進路選び・受験と向き合う胸の内~高校生マインドカレンダー<11月~1月>

このシリーズでは、進研アドの高校生モニターのアンケートや進路指導現場の情報を基に、時期折々の生徒のリアルな動きと声をお伝えし、効果的な募集広報のヒントを提供します。11月から年明けにかけての高校生や高校教員の「気持ち」「行動」とは?

2年生が高校生活の中だるみに陥りがちなこの時期、教員の側は、そろそろ「本当の志望校」を考えさせねばというモードが高まります。「冬休みが明けたら3年生0学期」という進路指導体制に対応できるような情報発信の準備、貴学では万全でしょうか?


高2生の11月

 体育祭や文化祭、修学旅行などの行事もほぼ終わり、張り詰めていた気分が緩んで中だるみ状態となる生徒も多いようです。
 この月、初めての5教科型模試を受験。「解けなかった...」と落胆しながらも「志望校は変えない」と強気の生徒も。しかし、その「志望校」は自分が知っているわずか数校の中から選んだ大学だったり、「変えない」は「あと1年あるから何とかなる」という程度の気持ちだったり、甘い考えの生徒も少なくないようです。
 一方、教員は「あと1年しかない」と若干の焦りを抱き、大学に対する生徒の視野を広げ、「本当の志望校」を決めるための大学研究の必要性を痛感しています。年明けをにらみながら、進路講演会などを通して「3年生0学期」への切り替えを促します。

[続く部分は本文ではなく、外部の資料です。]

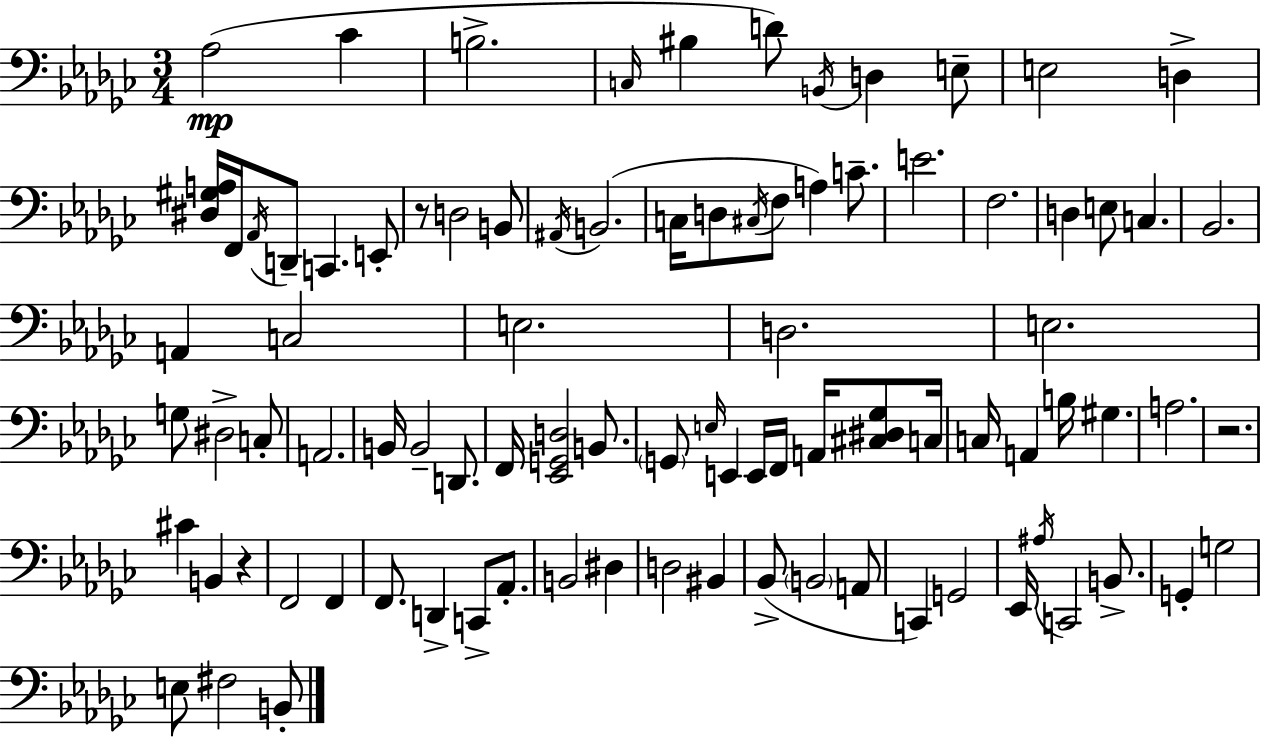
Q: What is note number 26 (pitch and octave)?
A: C4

●この時期の高2生のつぶやき~進研アド高校生モニターアンケート(2015年度、高2生を対象に実施)より

☆5教科型模試は散々な結果でした。でも、志望校を変える気は全くないです(関東の公立高校女子)
☆模試の結果と志望校との距離はとても遠いものでしたが、志望校を変えようとは思いません。(女子)
☆今、関心があるのは、3年生になるにあたって何か変えるほうがいいのかどうか、です。志望校はいつごろまでに決めるのがいいのかな(東北の公立高校女子)
☆隙間時間にうまく勉強できる過ごし方とか、学校生活が中だるみにならない方法とかが知りたい(関東の私立高校男子)

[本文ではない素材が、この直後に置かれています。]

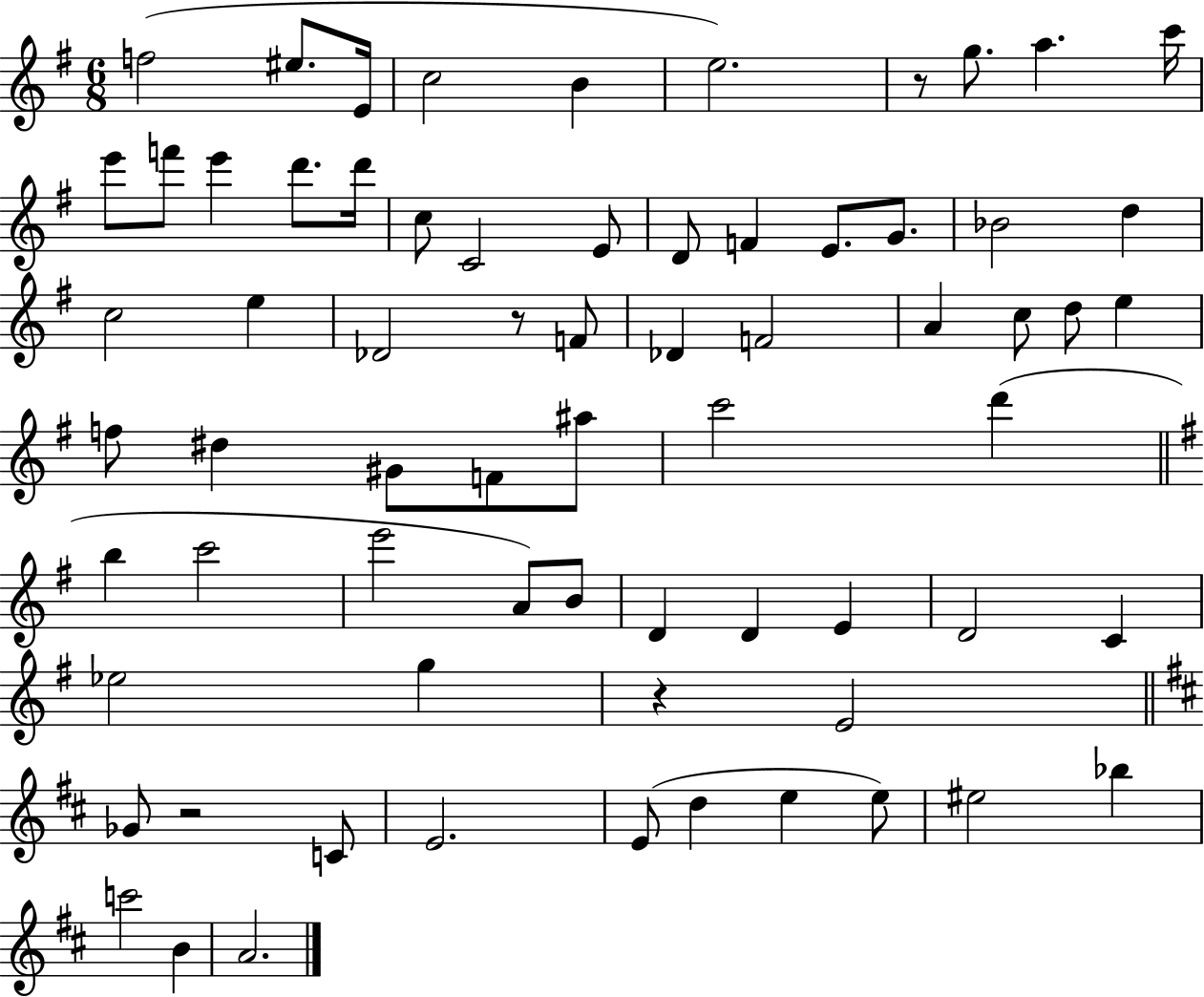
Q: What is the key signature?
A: G major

 進研アドの進路学習情報誌『大学発見ナビ』は1月下旬、2年生を対象に配本。全国の大学・短大の基本情報を幅広く網羅しています。先輩のセンター試験直後で受験に対する意識が高まるこの時期、自分なりの大学選びの基準が明確ではなく、「何となくの志望校」だけがあるような生徒の意識を変え、本気の受験生活をスタートさせるための情報を提供します。
 2017年度版では、大学に対する視野を広げることをねらいとした企画を掲載。進研模試の2年生2月回から志望校登録が4校から8校に増えるのに合わせ「志望校を8校書き出してみよう」と呼びかけます。
 ワークシートを使う志望校検討のコンセプトは「"自分を引き上げてくれる"大学をめざそう!」。受験生としての学習結果の到達度はもちろん、「自分が本当にやりたいこと」から「それを実現できる=引きあげてくれる」大学を見つけるというステップで、入試難易度以外の大学選びの条件や基準を明確にするよう促します。
 学び、国際性、資格&就職、奨学金・学費支援、新設など、大学選びの具体的な切り口を示したうえで個別大学の情報を掲載。生徒の気持ちを動かし、「志望校」との出合いを作り出します。
 2年生の3学期以降、「志望校宣言」をさせる高校も増えています。
参考:http://between.shinken-ad.co.jp/hs/2016/10/shibokosengen.html

 広い視野で大学を見渡して志望校を選ぶ、そのスタートラインとして設定されている2年生3学期に自学の名前をしっかりインプットしてから進級してもらうことが、大学にとって非常な重要な課題だと言えます。